Rating: rated 5 of 5 stars
Source: bought it new
Price Paid: $235

Summary

Custom fit, adjust on the fly, distance comfort

Pros

  • Comfort
  • Adjust on the fly

Cons

  • No pockets


image.jpg    
I took my first (of many I hope) trip with my new pack. 6-days and about 54 miles in the Porcupine Mts, Lake Superior. 

The pack exceeded my expectations. I was a little woried about the size and all I'd need for a week going solo, but it worked just fine. I do wish it had a few more organizational pockets on the outside and especially on the belt, but it wasn't anything I couldn't overcome with clip on pouches.

So, when you buy the pack, spend the time to have the belt heat fitted. It pays off to really be able to pull this belt tight and keep the weight off your shoulders, then, when your waist needs a break, just a pull here and theye while walking and youre soulders can take a little burden for a bit. The little tweak here and there became so routine, it was second nature.

There are 3-4 adjustments you can make so you can keep moving for the full day if you wanted to. My best this trip was about 14 miles with a 52 lb pack. The greatest testimony is, on very rutty, hilly ground, I can pull it tight all around and the weight of the pack NEVER pulled me off balance; it was part of me.

I have to say, after a week, I am more impressed with the pack and its capabilities then I thought I'd be. You "learn" it very quickly and it returns with a close and comfortable fit. 

0

Extremely comfortable, supportive, tons of great features.

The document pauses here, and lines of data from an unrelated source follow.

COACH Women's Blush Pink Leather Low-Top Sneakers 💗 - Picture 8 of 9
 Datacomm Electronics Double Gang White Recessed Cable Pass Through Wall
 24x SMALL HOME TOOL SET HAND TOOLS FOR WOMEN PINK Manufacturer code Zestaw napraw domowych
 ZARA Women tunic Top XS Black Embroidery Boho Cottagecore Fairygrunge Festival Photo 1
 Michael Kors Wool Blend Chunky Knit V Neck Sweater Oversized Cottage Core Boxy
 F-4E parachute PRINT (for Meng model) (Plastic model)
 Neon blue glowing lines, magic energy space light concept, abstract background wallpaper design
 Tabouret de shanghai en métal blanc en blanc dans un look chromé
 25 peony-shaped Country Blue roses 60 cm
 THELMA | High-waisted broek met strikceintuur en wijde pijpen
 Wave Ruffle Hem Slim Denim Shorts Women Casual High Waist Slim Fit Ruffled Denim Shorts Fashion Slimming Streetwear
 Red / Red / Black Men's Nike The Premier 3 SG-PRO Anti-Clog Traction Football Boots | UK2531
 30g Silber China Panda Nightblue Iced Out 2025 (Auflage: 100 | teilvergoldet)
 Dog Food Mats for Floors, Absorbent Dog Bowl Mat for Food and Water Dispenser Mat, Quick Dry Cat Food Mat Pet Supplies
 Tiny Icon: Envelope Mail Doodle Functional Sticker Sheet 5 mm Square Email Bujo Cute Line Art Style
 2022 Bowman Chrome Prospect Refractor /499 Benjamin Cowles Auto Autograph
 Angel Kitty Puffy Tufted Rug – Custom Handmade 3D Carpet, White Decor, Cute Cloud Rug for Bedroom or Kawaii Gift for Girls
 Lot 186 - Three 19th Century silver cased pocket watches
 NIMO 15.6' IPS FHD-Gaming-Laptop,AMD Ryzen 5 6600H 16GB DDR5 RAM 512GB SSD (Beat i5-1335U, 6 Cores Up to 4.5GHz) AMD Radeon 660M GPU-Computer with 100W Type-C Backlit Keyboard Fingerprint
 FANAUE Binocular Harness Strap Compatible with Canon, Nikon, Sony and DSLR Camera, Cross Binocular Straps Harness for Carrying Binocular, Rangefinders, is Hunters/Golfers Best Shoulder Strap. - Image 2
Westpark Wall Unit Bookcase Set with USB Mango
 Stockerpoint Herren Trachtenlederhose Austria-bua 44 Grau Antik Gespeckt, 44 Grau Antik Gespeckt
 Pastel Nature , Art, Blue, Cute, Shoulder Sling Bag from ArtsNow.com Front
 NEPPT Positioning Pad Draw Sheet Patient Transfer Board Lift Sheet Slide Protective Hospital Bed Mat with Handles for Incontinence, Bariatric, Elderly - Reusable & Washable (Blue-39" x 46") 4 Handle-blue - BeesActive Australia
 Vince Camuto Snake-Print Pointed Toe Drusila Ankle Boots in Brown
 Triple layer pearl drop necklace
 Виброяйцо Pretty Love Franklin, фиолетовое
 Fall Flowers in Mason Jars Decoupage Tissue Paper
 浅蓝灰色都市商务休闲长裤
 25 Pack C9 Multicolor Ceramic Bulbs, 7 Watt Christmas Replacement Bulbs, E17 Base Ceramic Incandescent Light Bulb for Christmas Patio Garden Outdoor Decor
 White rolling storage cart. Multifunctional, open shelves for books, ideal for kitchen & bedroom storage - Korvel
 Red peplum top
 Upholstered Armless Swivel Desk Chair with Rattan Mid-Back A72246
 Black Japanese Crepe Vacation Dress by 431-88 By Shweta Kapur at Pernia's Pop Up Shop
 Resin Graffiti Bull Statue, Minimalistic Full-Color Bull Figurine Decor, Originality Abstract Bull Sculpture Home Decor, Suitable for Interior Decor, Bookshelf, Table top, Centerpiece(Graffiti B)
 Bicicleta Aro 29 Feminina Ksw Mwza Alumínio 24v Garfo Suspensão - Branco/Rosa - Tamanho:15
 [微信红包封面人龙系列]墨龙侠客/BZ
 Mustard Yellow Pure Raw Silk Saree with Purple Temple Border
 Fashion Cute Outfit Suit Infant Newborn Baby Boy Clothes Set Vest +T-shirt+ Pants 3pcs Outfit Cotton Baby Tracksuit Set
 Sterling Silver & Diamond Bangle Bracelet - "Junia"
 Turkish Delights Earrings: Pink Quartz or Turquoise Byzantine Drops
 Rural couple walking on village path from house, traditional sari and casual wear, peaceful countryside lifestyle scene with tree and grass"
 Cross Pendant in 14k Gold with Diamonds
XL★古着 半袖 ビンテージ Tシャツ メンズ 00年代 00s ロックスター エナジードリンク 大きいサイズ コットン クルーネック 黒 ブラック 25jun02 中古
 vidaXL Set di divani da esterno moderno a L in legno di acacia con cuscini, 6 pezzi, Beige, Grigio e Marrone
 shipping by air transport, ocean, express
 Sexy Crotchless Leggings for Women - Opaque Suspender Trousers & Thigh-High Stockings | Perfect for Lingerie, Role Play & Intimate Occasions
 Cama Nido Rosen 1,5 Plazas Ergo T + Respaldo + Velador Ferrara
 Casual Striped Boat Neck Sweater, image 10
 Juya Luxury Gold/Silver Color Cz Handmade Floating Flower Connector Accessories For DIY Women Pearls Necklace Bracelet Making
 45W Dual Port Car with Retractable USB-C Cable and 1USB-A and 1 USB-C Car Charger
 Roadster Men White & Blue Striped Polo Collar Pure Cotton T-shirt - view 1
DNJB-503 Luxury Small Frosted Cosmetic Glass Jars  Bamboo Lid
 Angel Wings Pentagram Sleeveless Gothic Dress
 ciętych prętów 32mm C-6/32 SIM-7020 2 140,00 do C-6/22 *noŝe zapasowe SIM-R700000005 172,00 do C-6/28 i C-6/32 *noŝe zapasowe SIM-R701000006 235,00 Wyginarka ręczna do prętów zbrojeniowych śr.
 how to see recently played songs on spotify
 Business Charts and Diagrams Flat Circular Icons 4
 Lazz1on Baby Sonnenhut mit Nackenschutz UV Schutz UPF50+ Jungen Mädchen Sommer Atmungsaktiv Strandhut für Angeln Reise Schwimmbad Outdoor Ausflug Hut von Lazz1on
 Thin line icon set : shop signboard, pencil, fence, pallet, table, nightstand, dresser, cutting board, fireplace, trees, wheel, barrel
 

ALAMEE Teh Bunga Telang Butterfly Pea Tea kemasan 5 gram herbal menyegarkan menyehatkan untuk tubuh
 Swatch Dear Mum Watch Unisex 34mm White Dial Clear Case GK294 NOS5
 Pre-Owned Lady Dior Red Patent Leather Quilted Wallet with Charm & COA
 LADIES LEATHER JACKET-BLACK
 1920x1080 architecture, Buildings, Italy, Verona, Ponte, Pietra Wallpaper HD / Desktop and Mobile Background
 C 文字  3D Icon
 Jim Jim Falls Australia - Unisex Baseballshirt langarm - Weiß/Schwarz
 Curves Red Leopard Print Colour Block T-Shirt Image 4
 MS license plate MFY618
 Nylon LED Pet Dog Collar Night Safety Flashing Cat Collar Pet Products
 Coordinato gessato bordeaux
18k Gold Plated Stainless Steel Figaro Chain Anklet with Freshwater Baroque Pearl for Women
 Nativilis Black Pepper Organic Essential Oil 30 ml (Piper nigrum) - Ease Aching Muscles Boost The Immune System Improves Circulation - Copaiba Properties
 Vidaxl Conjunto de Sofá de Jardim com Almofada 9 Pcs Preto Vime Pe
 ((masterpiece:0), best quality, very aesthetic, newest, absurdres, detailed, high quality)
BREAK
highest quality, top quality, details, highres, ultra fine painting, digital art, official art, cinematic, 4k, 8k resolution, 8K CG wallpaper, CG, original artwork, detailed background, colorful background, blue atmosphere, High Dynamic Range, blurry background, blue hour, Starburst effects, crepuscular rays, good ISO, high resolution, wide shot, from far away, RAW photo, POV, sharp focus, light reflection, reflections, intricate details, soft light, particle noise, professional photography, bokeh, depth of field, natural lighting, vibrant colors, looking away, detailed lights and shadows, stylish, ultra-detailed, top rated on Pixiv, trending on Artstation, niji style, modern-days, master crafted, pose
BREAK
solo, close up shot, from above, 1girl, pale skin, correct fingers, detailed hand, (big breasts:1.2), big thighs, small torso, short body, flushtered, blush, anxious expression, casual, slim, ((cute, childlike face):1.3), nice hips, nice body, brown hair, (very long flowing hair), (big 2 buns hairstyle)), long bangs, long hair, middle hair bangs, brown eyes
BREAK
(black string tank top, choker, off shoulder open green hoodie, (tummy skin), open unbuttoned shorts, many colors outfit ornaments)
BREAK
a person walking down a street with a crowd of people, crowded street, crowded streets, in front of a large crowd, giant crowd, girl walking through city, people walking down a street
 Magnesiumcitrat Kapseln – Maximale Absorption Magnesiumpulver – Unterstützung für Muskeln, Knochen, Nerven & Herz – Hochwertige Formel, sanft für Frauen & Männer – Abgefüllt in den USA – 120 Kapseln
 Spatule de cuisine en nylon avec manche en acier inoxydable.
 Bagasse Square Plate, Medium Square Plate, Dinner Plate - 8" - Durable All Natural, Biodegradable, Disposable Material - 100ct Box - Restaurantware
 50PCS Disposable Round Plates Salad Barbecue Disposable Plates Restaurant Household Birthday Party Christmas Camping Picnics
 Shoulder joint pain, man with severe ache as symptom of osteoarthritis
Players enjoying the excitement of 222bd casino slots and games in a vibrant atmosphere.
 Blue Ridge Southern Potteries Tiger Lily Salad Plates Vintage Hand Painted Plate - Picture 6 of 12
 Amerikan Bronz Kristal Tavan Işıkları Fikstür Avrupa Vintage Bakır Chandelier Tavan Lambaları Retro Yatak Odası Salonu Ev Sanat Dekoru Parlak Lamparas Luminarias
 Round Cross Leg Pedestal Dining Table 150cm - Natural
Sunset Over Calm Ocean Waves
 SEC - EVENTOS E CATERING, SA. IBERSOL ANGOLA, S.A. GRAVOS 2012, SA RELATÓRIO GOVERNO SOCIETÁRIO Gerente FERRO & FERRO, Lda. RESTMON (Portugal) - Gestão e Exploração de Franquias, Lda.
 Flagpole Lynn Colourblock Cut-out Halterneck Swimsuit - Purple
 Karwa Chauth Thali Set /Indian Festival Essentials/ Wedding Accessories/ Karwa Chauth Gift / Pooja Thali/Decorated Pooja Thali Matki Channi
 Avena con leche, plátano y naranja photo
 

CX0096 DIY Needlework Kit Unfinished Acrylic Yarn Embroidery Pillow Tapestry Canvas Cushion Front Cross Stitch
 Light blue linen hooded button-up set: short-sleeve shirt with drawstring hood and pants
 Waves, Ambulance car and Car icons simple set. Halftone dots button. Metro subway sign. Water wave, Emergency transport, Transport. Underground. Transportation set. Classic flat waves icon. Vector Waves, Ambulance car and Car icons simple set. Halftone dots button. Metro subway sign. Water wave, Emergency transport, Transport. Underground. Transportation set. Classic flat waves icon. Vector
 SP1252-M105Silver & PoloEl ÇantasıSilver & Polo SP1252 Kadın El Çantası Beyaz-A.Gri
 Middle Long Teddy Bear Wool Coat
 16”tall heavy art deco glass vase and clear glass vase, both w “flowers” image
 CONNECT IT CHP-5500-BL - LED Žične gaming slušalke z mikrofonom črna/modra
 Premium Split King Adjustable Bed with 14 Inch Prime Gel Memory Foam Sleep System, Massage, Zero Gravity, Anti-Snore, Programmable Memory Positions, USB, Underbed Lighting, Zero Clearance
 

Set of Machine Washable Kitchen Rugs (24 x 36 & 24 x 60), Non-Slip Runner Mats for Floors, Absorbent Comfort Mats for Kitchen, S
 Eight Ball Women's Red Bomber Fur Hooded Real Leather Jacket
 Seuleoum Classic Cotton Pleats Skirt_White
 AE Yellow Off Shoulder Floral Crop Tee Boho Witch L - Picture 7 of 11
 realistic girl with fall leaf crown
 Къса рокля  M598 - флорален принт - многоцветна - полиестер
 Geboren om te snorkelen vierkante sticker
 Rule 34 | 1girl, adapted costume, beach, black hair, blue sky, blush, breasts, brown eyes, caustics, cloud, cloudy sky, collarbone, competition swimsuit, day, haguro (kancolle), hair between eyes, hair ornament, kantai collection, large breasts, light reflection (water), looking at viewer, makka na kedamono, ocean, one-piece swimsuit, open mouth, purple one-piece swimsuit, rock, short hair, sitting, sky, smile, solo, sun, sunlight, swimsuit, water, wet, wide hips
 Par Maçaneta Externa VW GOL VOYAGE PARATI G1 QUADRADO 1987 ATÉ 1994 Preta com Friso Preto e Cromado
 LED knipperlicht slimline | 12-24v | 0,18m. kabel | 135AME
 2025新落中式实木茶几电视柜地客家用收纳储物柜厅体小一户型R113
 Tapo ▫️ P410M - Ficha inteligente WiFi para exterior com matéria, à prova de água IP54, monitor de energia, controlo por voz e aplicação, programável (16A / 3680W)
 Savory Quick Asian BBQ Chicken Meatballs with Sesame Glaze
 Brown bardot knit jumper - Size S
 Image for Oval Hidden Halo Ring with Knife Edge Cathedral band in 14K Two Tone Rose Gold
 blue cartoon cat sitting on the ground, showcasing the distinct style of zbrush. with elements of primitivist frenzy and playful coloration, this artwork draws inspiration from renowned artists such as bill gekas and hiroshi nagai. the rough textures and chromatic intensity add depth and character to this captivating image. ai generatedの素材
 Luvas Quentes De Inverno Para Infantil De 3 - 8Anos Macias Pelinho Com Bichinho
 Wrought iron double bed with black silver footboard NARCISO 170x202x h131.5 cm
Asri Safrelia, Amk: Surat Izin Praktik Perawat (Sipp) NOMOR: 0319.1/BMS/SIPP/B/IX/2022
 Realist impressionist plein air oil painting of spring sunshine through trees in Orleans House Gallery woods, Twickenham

Rating: rated 4.5 of 5 stars
Source: bought it new
Price Paid: Aus$275

Summary

Extremely comfortable, supportive, tons of great features. Highly recommended.

Pros

  • Comfort
  • Support
  • Lightweight
  • Capacity.

Cons

  • Material could be more water-resistant

I have the latest version of the Aether 70 — the harness is a little better than that of the previous version, the tradeoff being that the pack is slightly heavier — a worthwhile trade!

The capacity is perfect for multiday treks in the winter months, when you need to carry more warm gear. It has at least 10 more litres of capacity, in comparison to my Aether 60, probably more like 15. The respective heights are similar, the 70 has a significantly broader base.

The moulded hipbelt fits like a glove, and the back panel sits nice and flush against my back. I love the ability to pack away, or take up, my hiking poles as I move, such a simple but useful feature. I use a pack cover in the rainy conditions, as I've found the pack material very quickly wets-out and starts to seep into the pack contents. The detachable top compartment is another great feature, with its built-in lap belt. I use it for taking the essentials with me when I wander away from camp,  off bird-watching, fishing etc. 

This is the largest of my Osprey packs. I'm only 65kg, so a 70-litre pack is pretty much the limit of what I will carry, around 19-20kg of gear. The 60 litre Aether is perfect for the warmer months, carrying 15-17kg. 

1

After 25 years I decided to upgrade my stuff. I checked…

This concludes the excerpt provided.